Vertreter von Kirchen und Deutschem Gewerkschaftsbund (DGB) fordern von den politischen Parteien zur Bundestagswahl mehr Solidarität ein. In ihrer sechsten gemeinsamen am Freitag vorgestellten "Nürnberger Erklärung" wollen der DGB sowie die beiden christlichen Kirchen ein Anforderungsprofil an die bei der Bundestagswahl am 26. September antretenden Parteien für eine solidarische Stadtgesellschaft entwerfen, das auch als Richtschnur für die individuelle Wahlentscheidung dienen soll.

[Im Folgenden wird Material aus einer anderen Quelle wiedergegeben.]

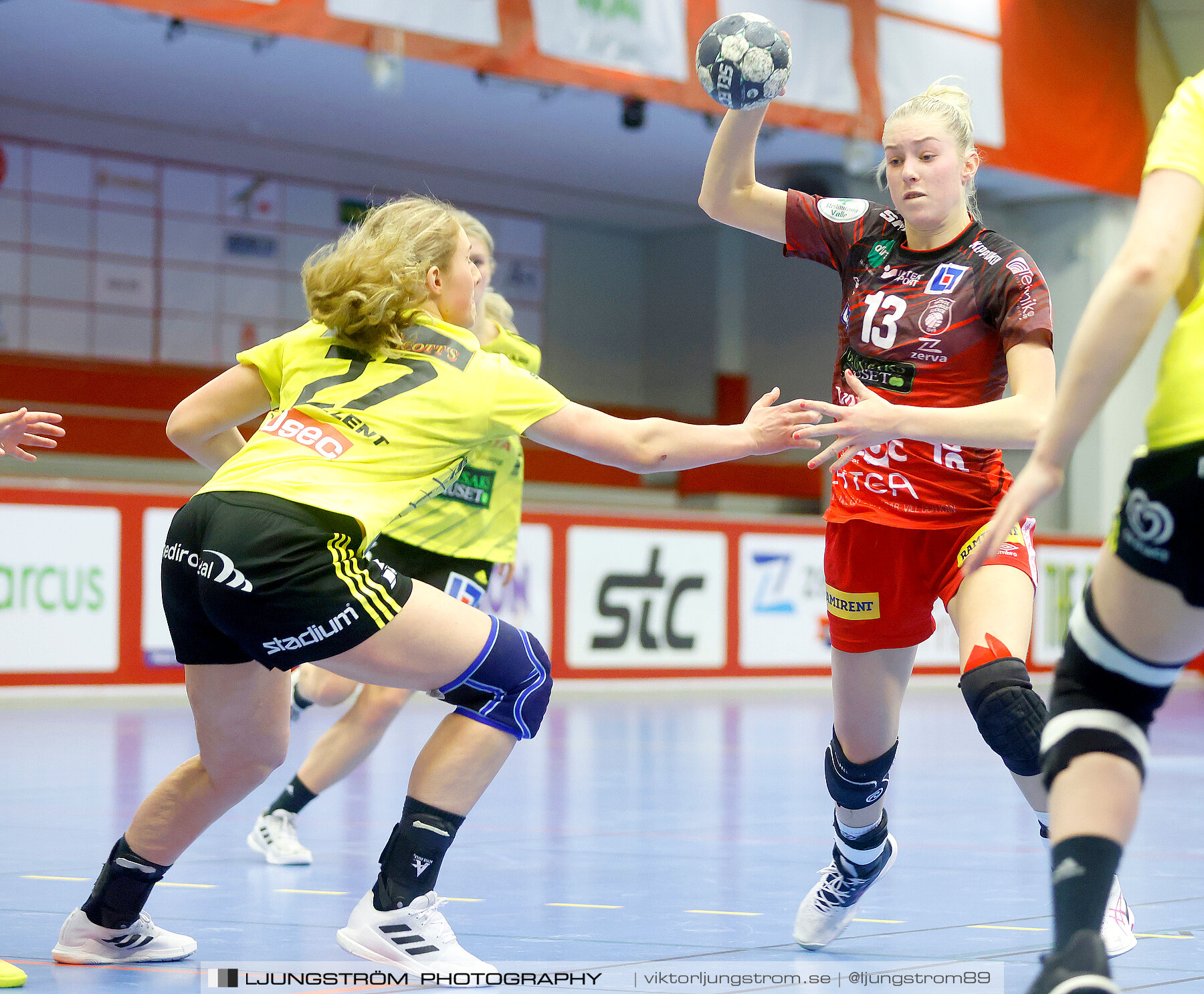 HF Somby/Skövde-HK S-hof 22-39,dam,Skövde Idrottshall,Skövde,Sverige,Handboll,,2022,274925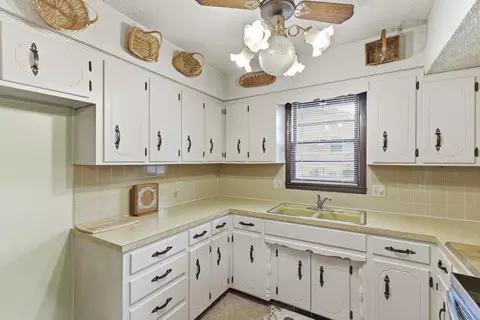 Kitchen - 3140 W Wick St, Springfield, MO 65810 photo 3 of 4
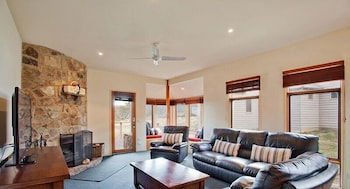 High Plains Drifter - Accommodation Redcliffe 0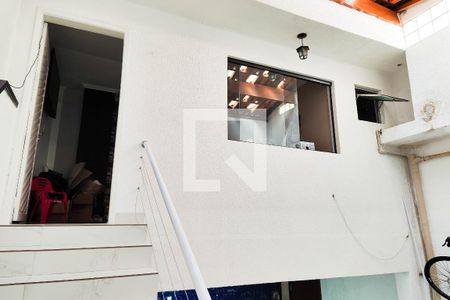 Casa à venda com 350m², 3 quartos e 3 vagas Casa à venda com 350m², 3 quartos e 3 vagasEscritorio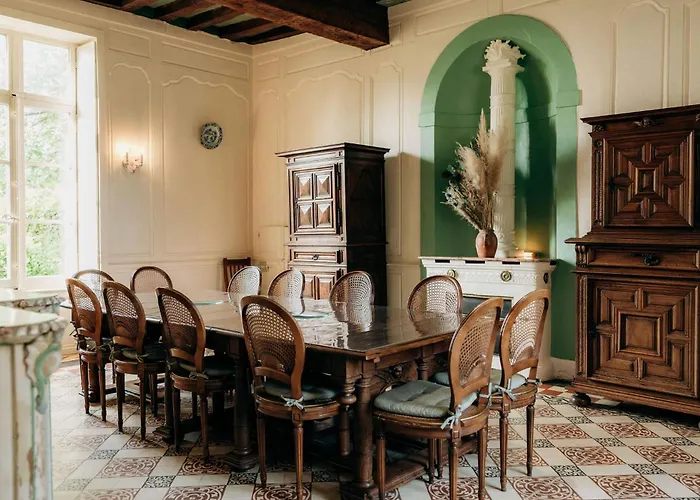 Chateau De Marigne - De Charme- 15 Pl Cre-sur-Loir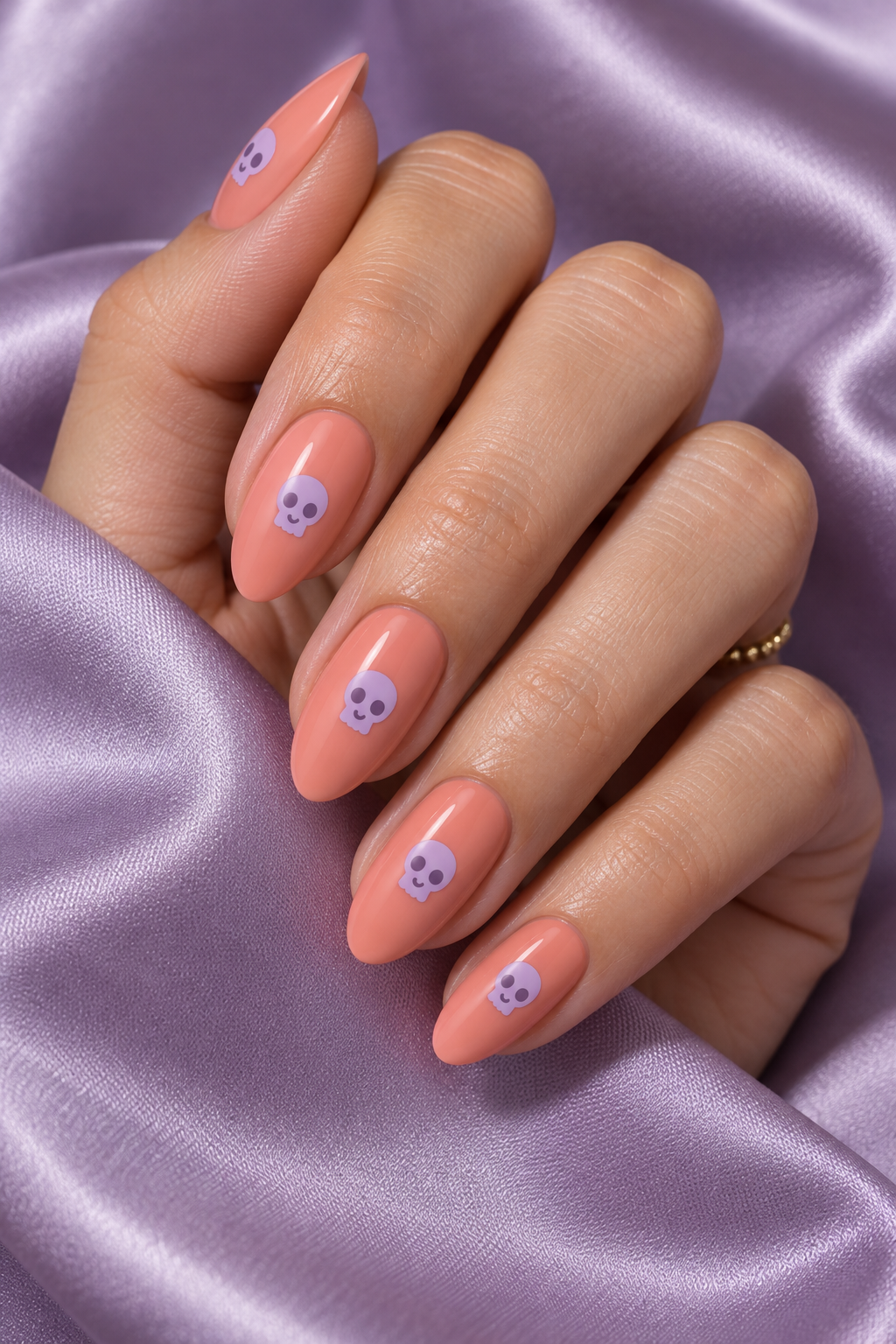 Manicura conceptual SAFE Calavera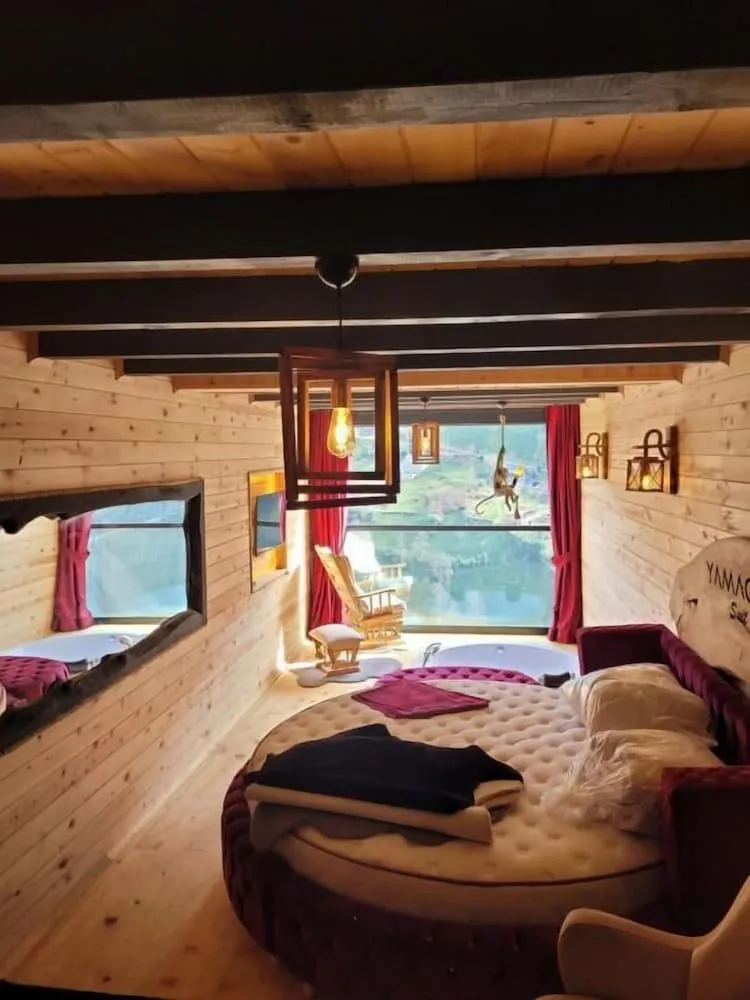 Presidential Süit, Birden Çok Yatak Odası, Sauna, Nehir Manzaralı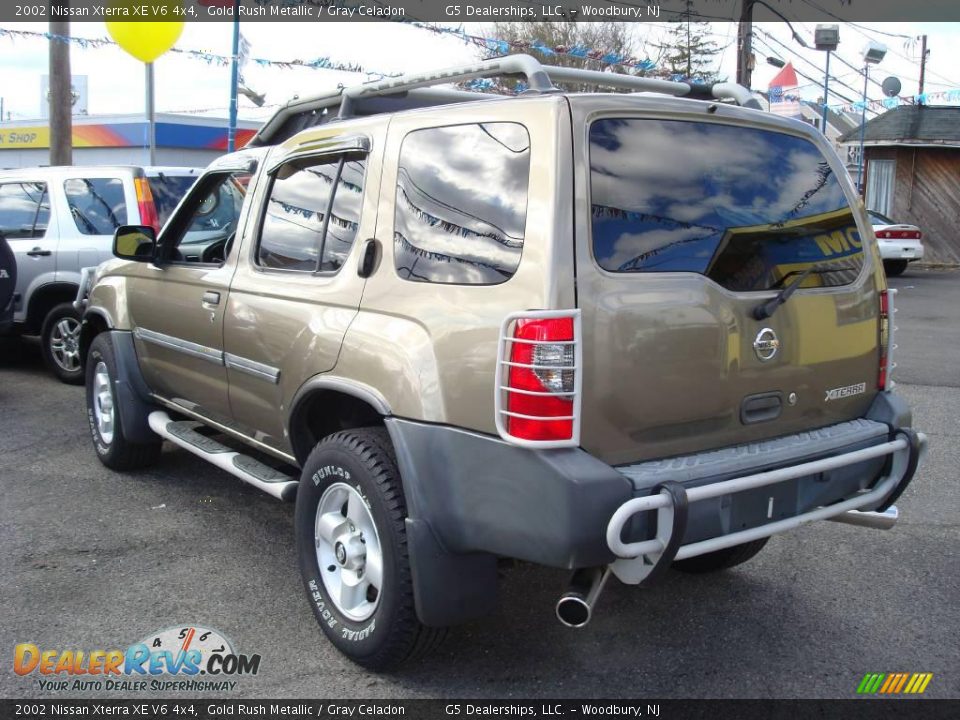 2002 Nissan Xterra XE V6 4x4 Gold Rush Metallic / Gray Celadon Photo #7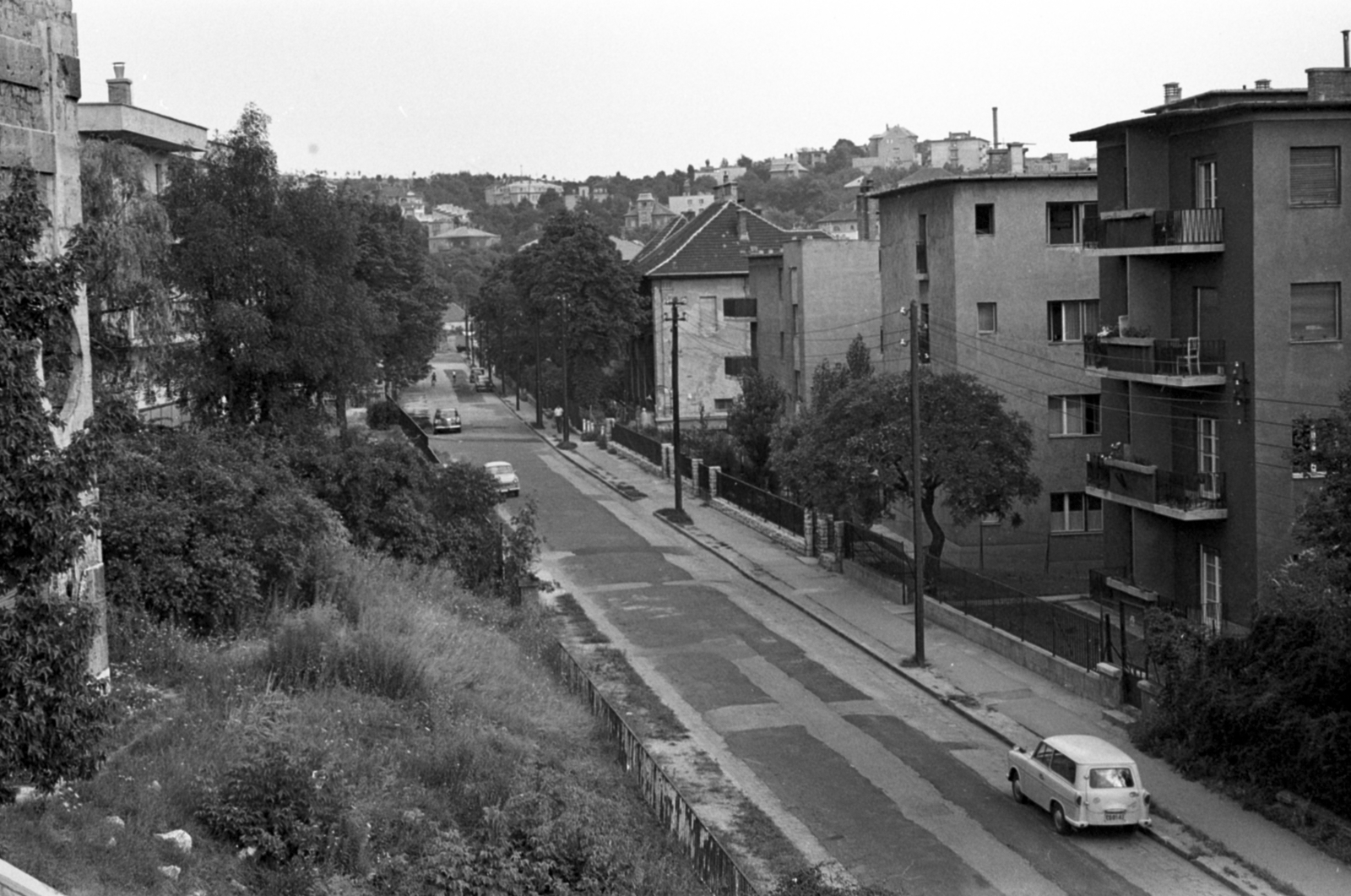 Hungary, Budapest I., Tigris utca, kilátás a 34. számú házból a Gellért-hegy felé., 1969, Somos Éva, Budapest, Fortepan #189338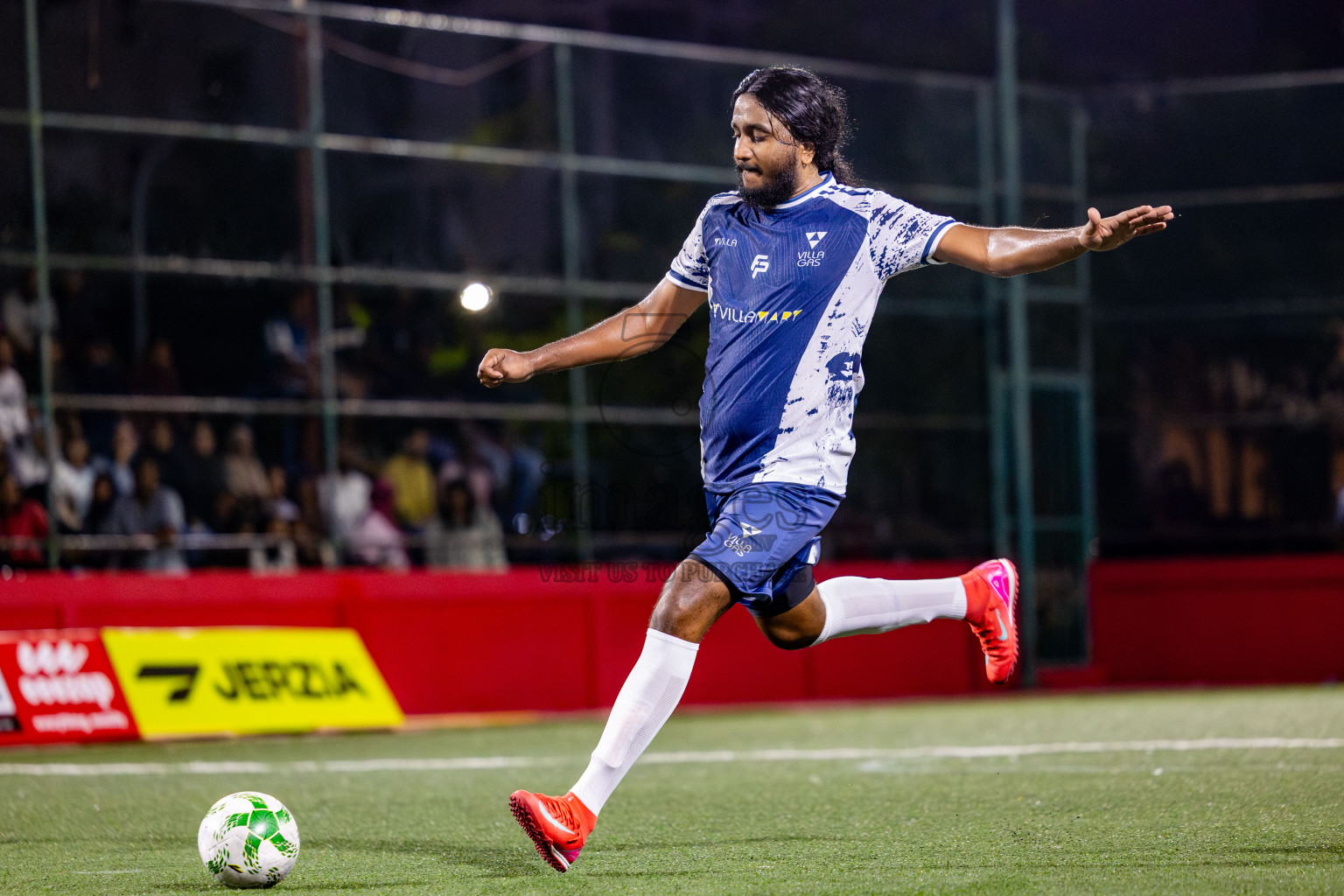 Trade Club vs Villa Travels in Day 3 of Office League 2025 was held on Friday, 18th April 2025 in Hulhumale', Maldives. Photos: Nausham Waheed / images.mv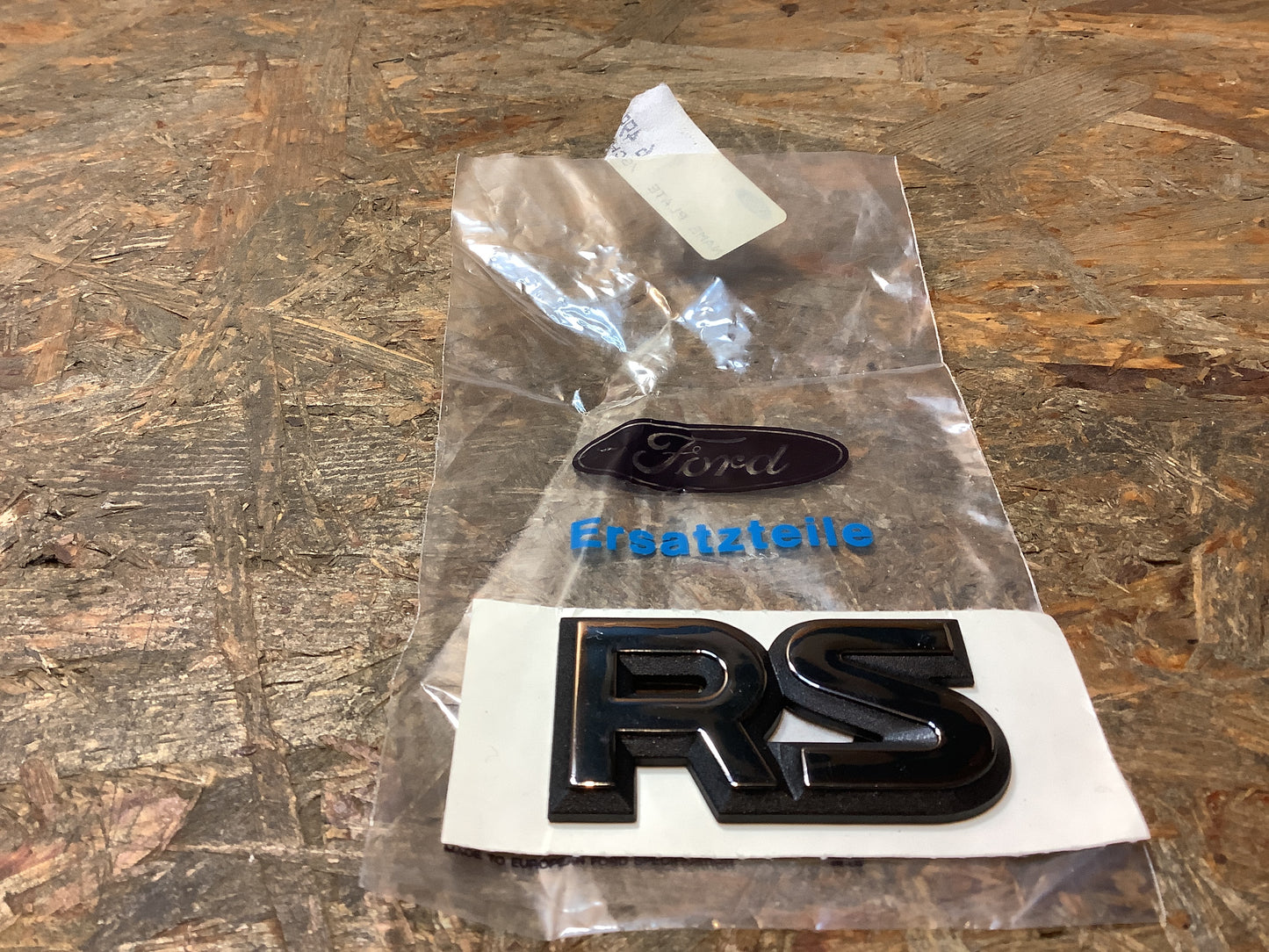 Emblem „RS“ Original Ford NEU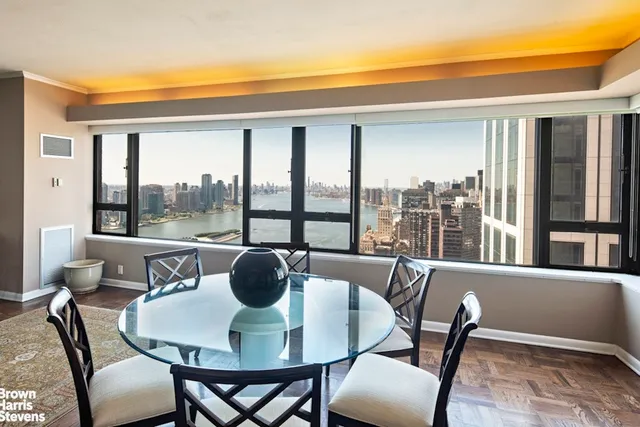 $1,950,000 | 425 East 58th Street, Unit 42G | Sutton Place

Dekanin: Schwachen eine Stimme geben

So plädierte die Dekanin in Nürnberg-Süd, Britta Müller, für eine bessere öffentlichen Infrastruktur, die Kommunikation auf digitalem wie persönlichem Weg ermögliche und den Schwachen eine Stimme gebe. In der Corona-Pandemie habe sich zudem gezeigt, dass gerade die Gesundheitsämter nicht nur personell besser ausgestattet werden müssten.

"Die Bibel ist voll von Geschichten, in denen Menschen um ein solidarisches Miteinander ringen", sagte Sabine Weingärtner vom evangelischen kirchlichen Dienst in der Arbeitswelt (kda). Aus christlich-sozialer Perspektive sei es ein Unding, wenn Arbeitnehmer sich von ihrem Verdienst nicht mehr eine ausreichend große Wohnung leisten könnten. Gerade Menschen am Existenzminimum würden fast die Hälfte ihres Einkommens zum Wohnen benötigen.

Vermögende stärker besteuern

"Solidarität ist kein Begriff, der mit einer frommen Soße übergossen wird", sagte der Nürnberger katholische Stadtdekan Andreas Lurz. Von der künftigen Bundesregierung wünsche er sich, dass vor allem im sozialen Bereich nicht gekürzt, dafür aber Vermögende stärker besteuert würden.

Die privatwirtschaftliche Orientierung im Gesundheitswesen kritisierte Martin Plentinger von der katholischen Betriebsseelsorge als ein System, das sich gerade in der Pandemie als Sackgasse erwiesen habe. Gesundheitsvorsorge und medizinische Handlungen dürften nicht länger zur Ware werden, sondern müssten im Blick einer auf das Gemeinwohl hin orientierten Politik rücken.

Als "skandalös" bezeichnete Stephan Doll, Geschäftsführer des DGB Mittelfranken, die sinkenden Tarifbindung in den bayerischen Betrieben, für die er sich ein Tariftreuegesetz wünscht. Die Kommunen und Landkreise forderte er auf, Lohndumping und die Ausbeutung von Menschen zu verhindern. Die Unterzeichner der "Nürnberger Erklärung" wiesen darauf hin, dass sie mit ihren Positionen keine Wahlempfehlung aussprechen möchten.